EXERCISE :: Output the records below in full, word for word; pictures do not belong in it.

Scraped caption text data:
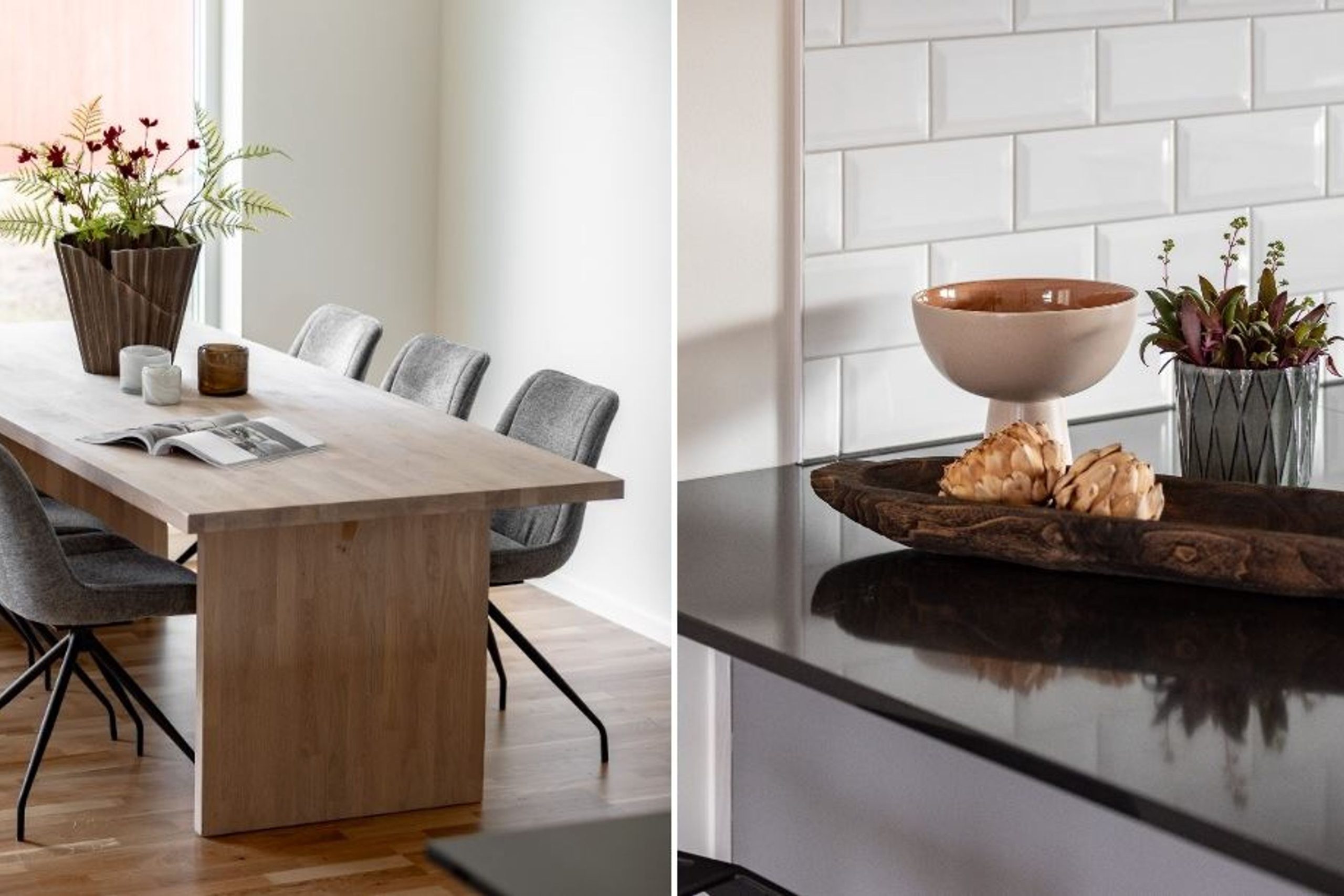 MED3C54436624D04678960C3CD2C25AB4B1-2820x1880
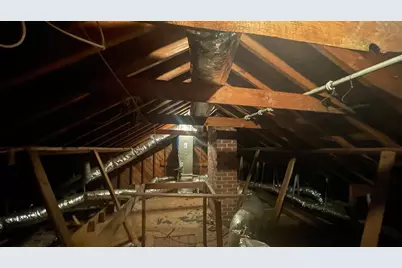 1731 Oak Drive, Augusta, GA 30904 - Photo 36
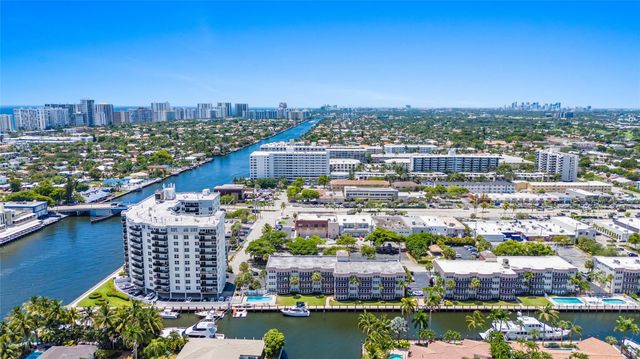 3111 NE 51st Street 305, Fort Lauderdale, FL 33308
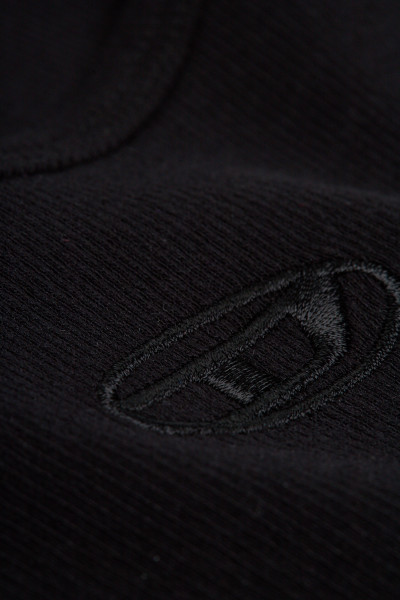 PÓLÓ DIESEL T-ARM-LKDS TANK TOP - Kép 3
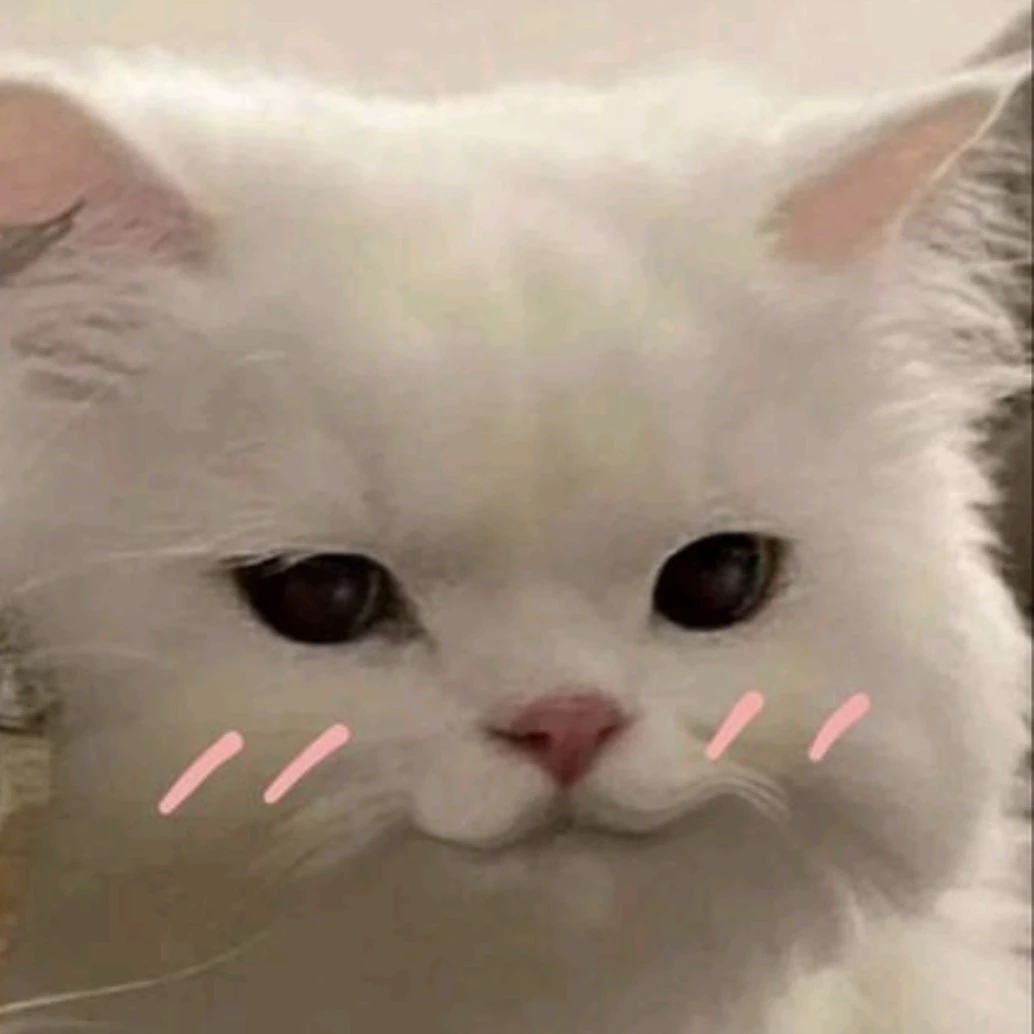 Dii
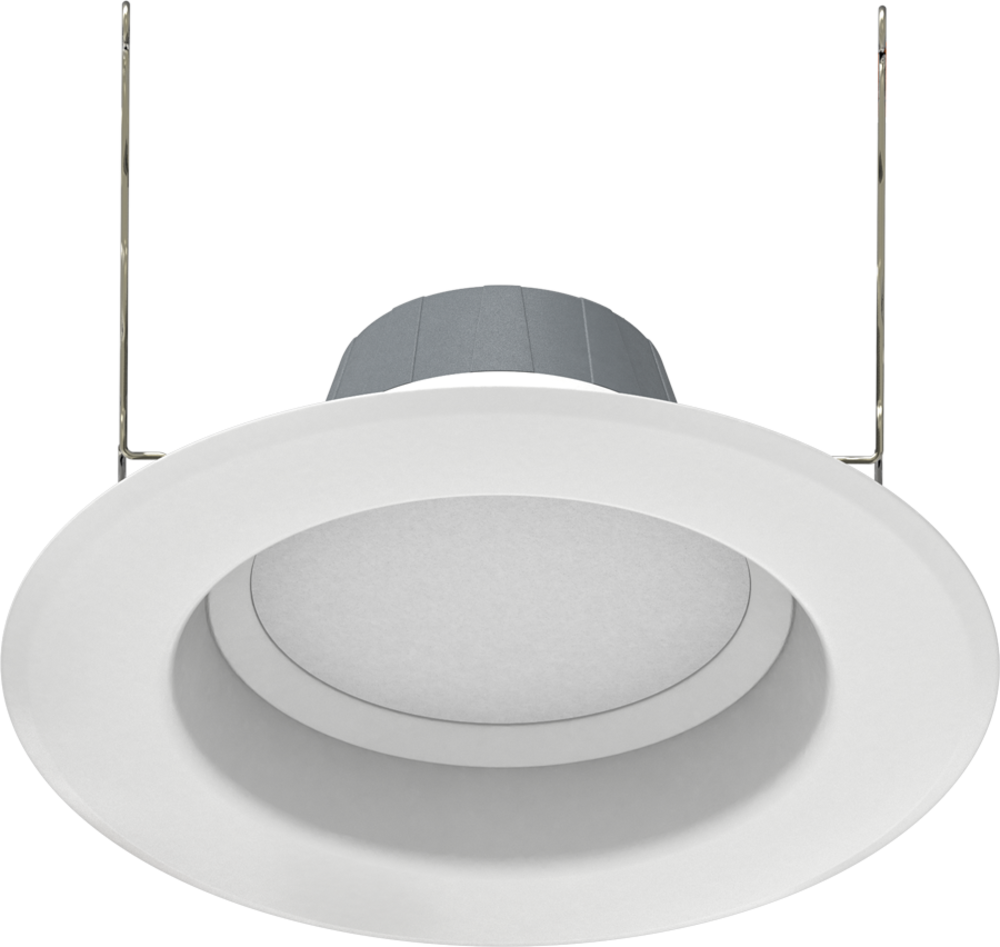 RAB Lighting R6R89FA120WS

RESPONSE FOR THIS EXERCISE ::
 MED3C54436624D04678960C3CD2C25AB4B1-2820x1880
 1731 Oak Drive, Augusta, GA 30904 - Photo 36
 3111 NE 51st Street 305, Fort Lauderdale, FL 33308
 PÓLÓ DIESEL T-ARM-LKDS TANK TOP - Kép 3
 Dii
 RAB Lighting R6R89FA120WS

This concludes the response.